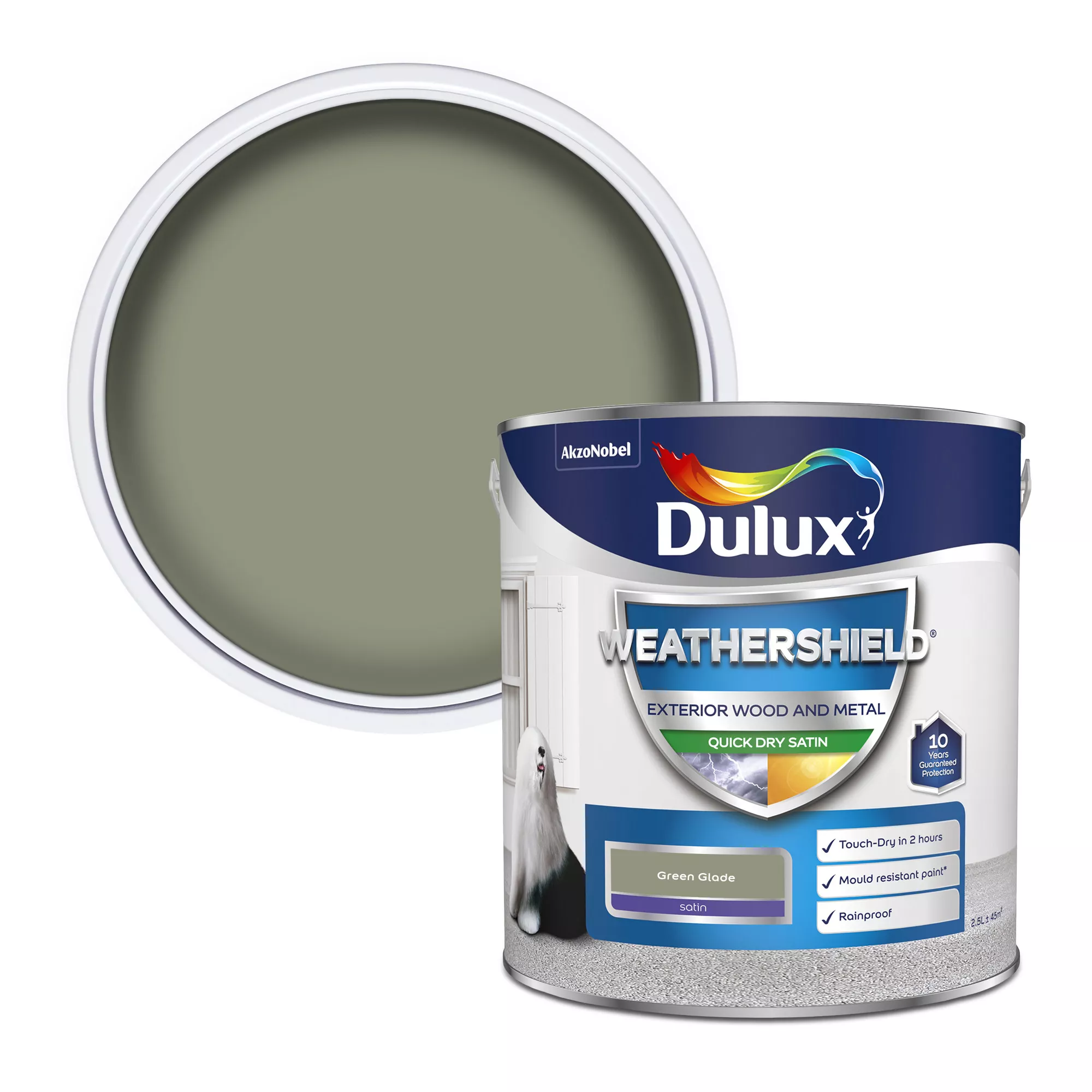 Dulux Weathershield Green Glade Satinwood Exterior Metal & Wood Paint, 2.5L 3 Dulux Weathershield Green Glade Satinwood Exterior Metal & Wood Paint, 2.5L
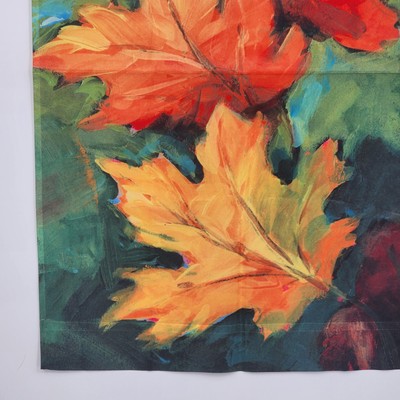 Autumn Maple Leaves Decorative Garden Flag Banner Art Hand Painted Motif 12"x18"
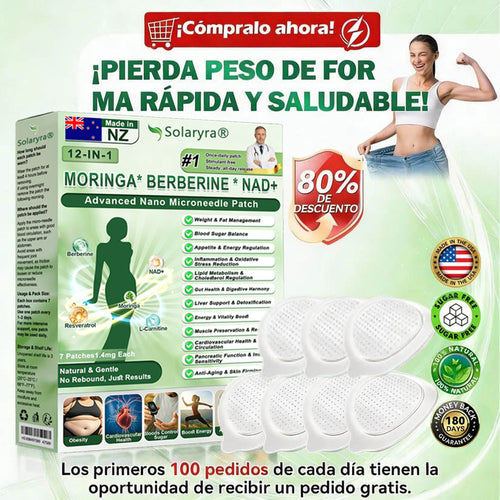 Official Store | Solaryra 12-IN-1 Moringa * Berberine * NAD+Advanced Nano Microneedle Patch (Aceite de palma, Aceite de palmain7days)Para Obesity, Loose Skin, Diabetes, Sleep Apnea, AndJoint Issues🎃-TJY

---

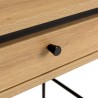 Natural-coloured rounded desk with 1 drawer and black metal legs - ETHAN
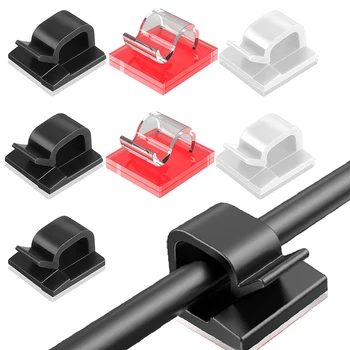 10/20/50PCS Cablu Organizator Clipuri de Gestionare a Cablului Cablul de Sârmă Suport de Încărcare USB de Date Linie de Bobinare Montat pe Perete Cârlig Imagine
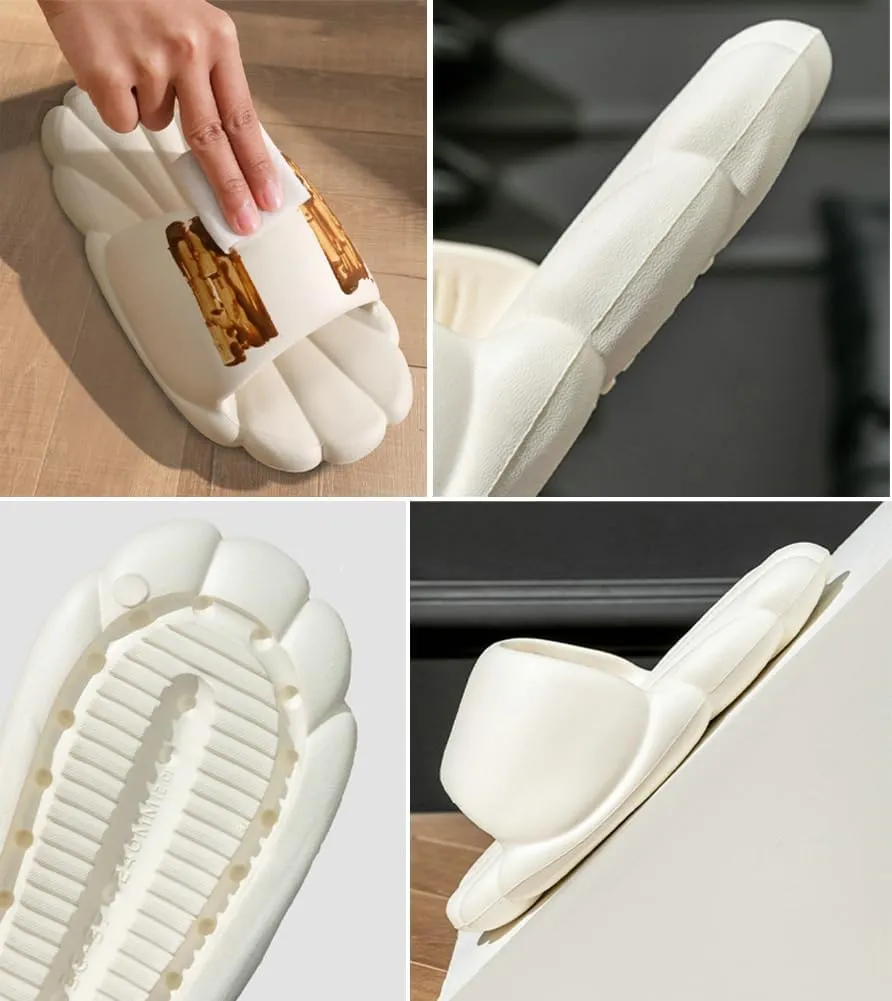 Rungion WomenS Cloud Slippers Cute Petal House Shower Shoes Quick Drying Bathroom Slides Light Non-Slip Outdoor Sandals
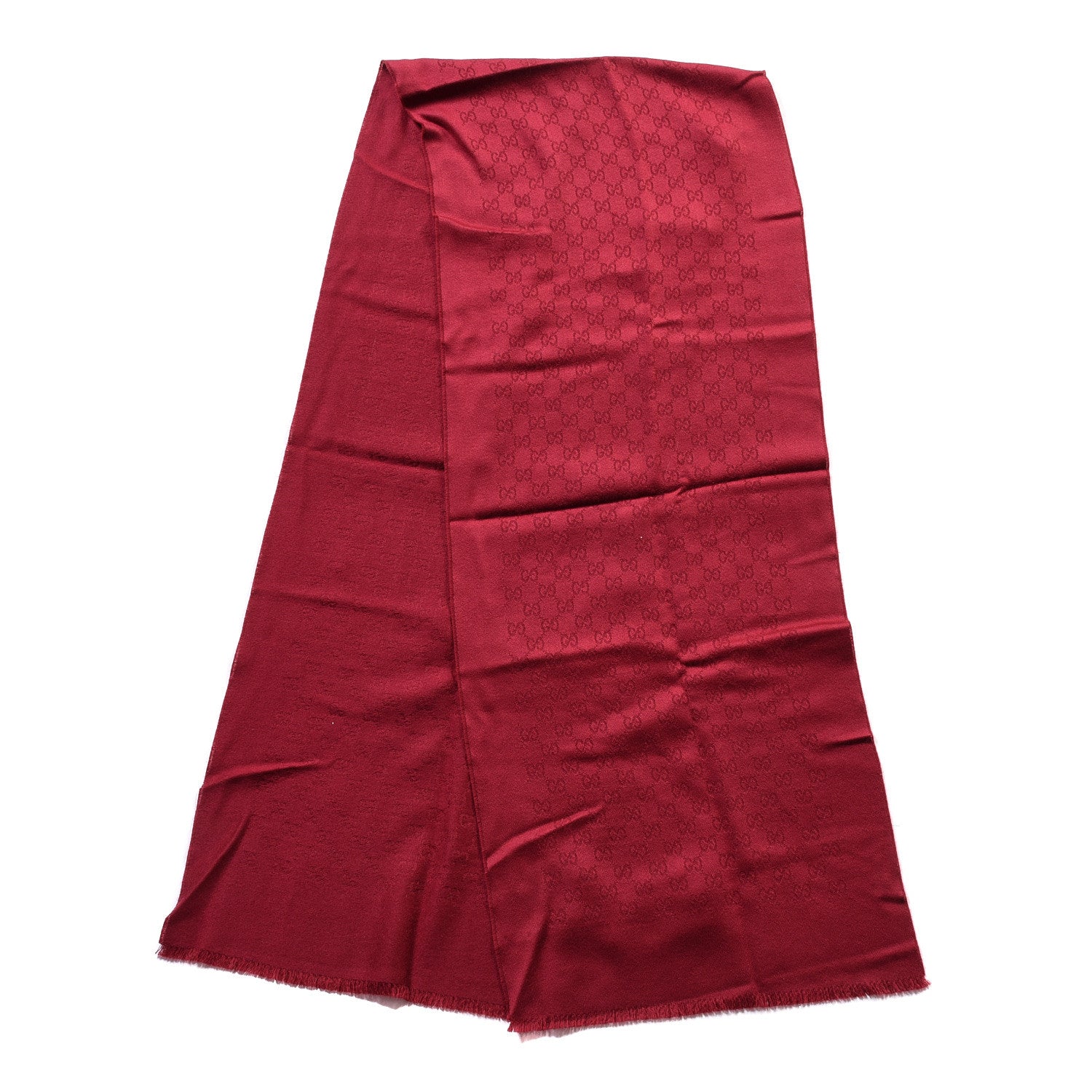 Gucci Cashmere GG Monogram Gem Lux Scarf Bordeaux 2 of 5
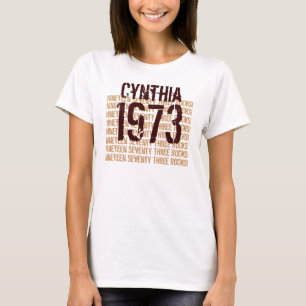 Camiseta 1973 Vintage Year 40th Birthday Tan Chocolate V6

==

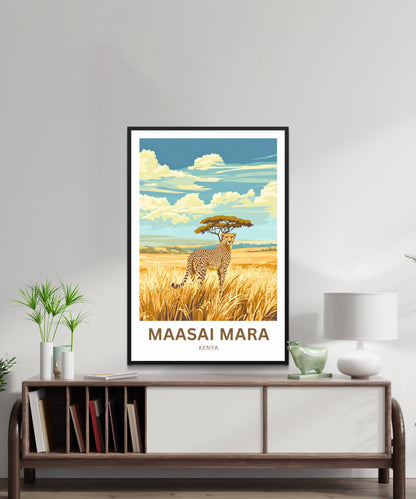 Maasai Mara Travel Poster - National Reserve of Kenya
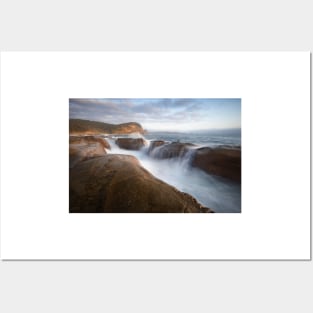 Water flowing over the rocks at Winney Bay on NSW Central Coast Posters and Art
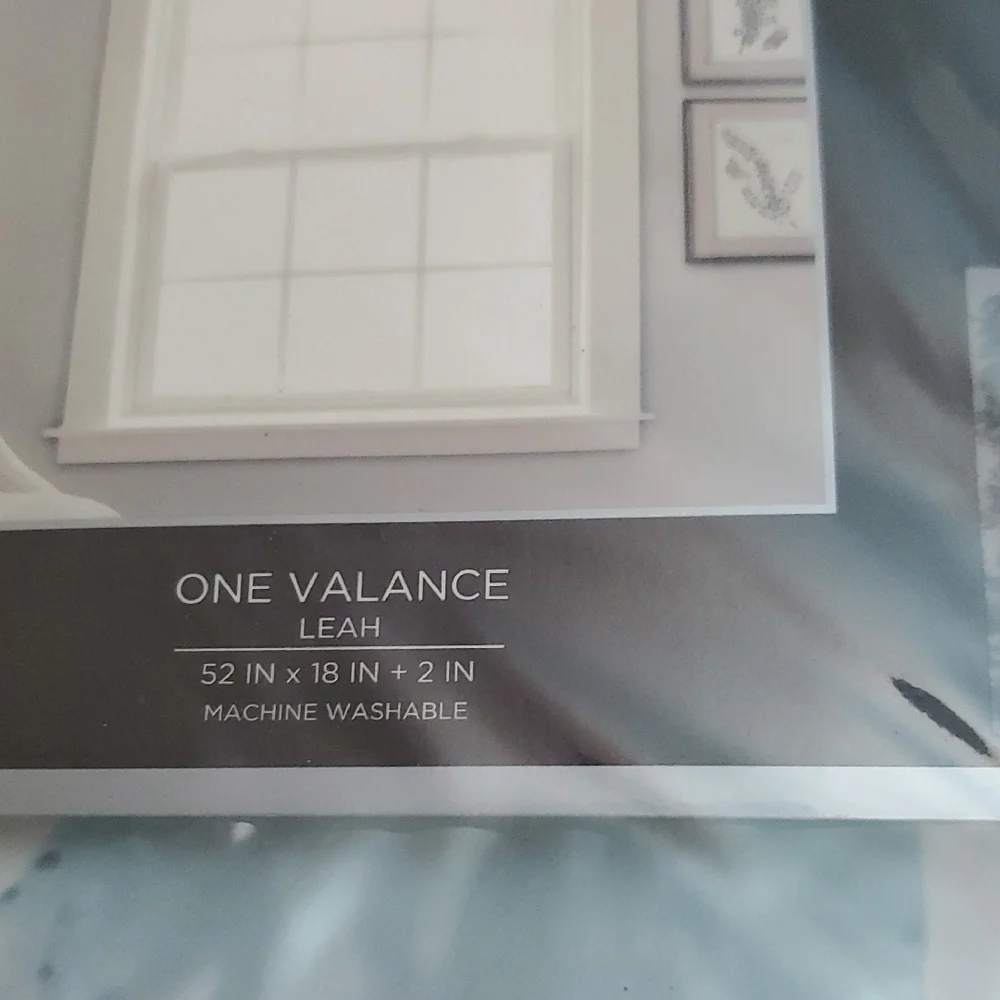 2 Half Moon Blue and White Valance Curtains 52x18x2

● ACTIVITY
Start at the line containing "Maasai Mara Travel" above and stop at the line containing "2 Half Moon". Output those lines exactly, both included, but none of the pictures.

● SOLVED EXERCISE
 Maasai Mara Travel Poster - National Reserve of Kenya
 Water flowing over the rocks at Winney Bay on NSW Central Coast Posters and Art
 2 Half Moon Blue and White Valance Curtains 52x18x2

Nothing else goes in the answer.